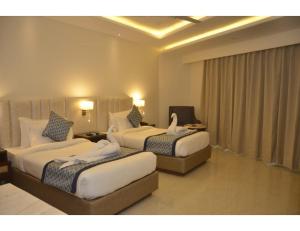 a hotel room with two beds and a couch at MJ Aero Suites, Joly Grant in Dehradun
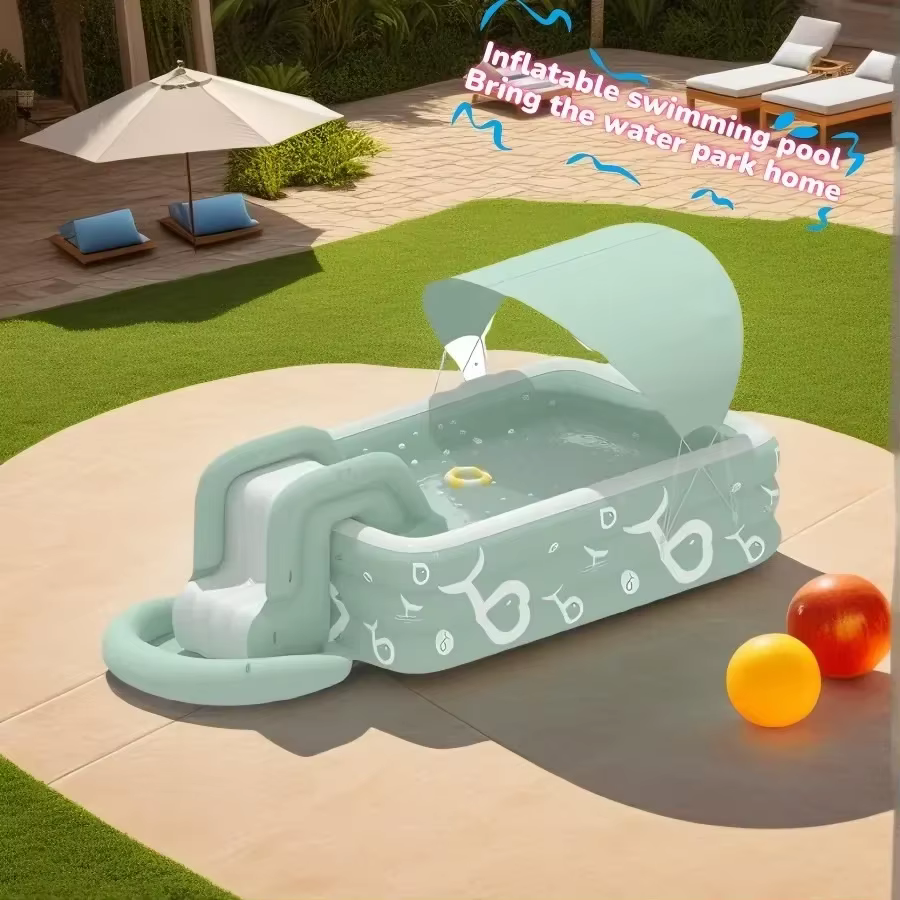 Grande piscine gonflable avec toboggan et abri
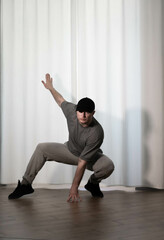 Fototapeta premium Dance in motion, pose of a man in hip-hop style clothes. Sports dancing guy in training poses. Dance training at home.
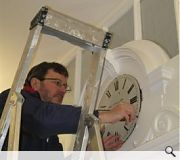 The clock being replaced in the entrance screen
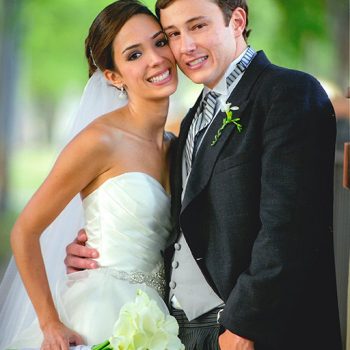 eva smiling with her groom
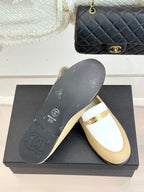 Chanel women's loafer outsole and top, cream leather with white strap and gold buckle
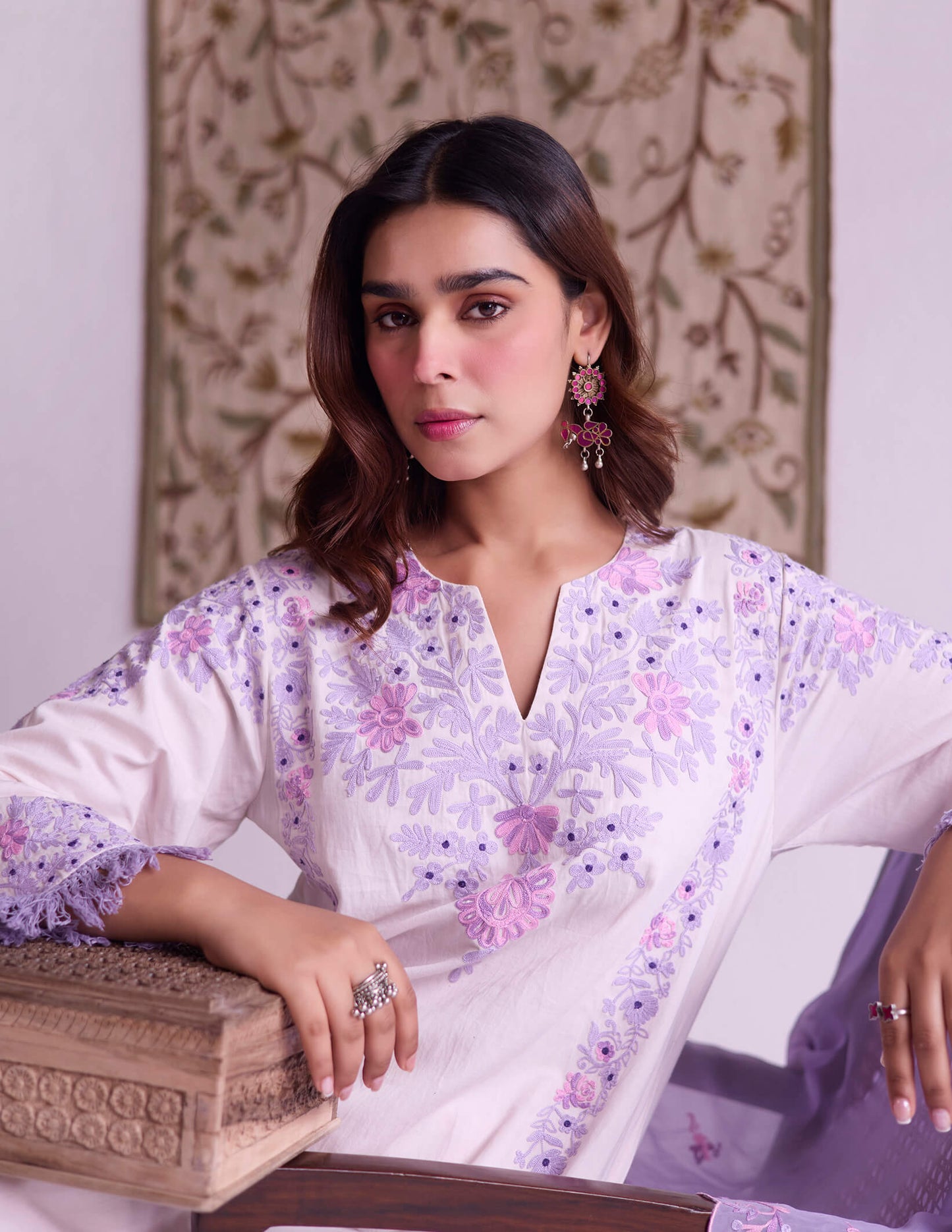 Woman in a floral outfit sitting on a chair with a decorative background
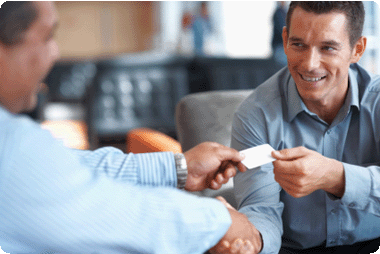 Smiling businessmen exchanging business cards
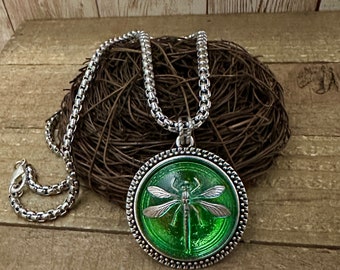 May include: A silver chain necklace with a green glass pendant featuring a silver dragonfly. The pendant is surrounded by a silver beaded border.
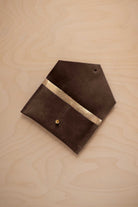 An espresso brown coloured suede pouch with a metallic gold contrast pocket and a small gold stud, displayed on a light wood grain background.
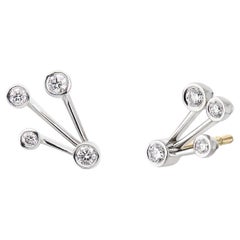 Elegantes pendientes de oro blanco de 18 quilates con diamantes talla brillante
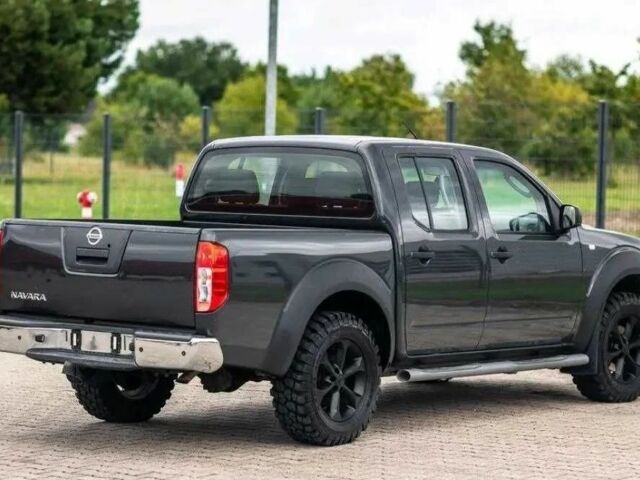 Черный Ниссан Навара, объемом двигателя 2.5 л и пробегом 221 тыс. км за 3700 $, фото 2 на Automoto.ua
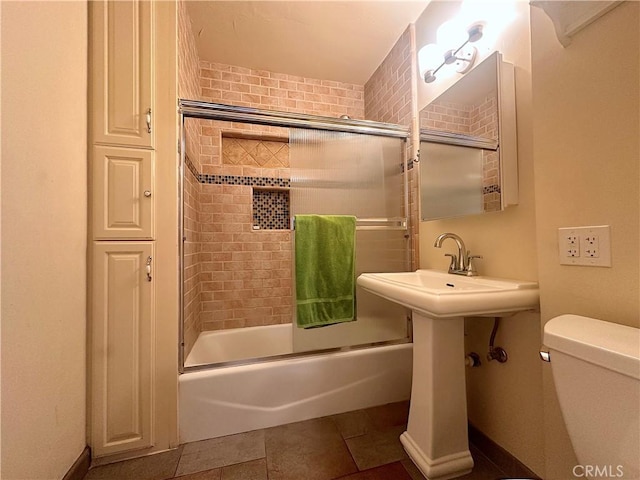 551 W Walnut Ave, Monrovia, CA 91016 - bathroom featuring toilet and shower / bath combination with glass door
· · · · ·
- Directions
Please output the lines of the records above from the one with "Fototapeta premium Dance" through the last, exactly as they appear and with both ends included; skip any pictures and add nothing.

- Output below
 Fototapeta premium Dance in motion, pose of a man in hip-hop style clothes. Sports dancing guy in training poses. Dance training at home.
 The clock being replaced in the entrance screen
 eva smiling with her groom
 Chanel women's loafer outsole and top, cream leather with white strap and gold buckle
 Woman in a floral outfit sitting on a chair with a decorative background
 Smiling businessmen exchanging business cards
 May include: A silver chain necklace with a green glass pendant featuring a silver dragonfly. The pendant is surrounded by a silver beaded border.
 An espresso brown coloured suede pouch with a metallic gold contrast pocket and a small gold stud, displayed on a light wood grain background.
 Elegantes pendientes de oro blanco de 18 quilates con diamantes talla brillante
 Черный Ниссан Навара, объемом двигателя 2.5 л и пробегом 221 тыс. км за 3700 $, фото 2 на Automoto.ua
 551 W Walnut Ave, Monrovia, CA 91016 - bathroom featuring toilet and shower / bath combination with glass door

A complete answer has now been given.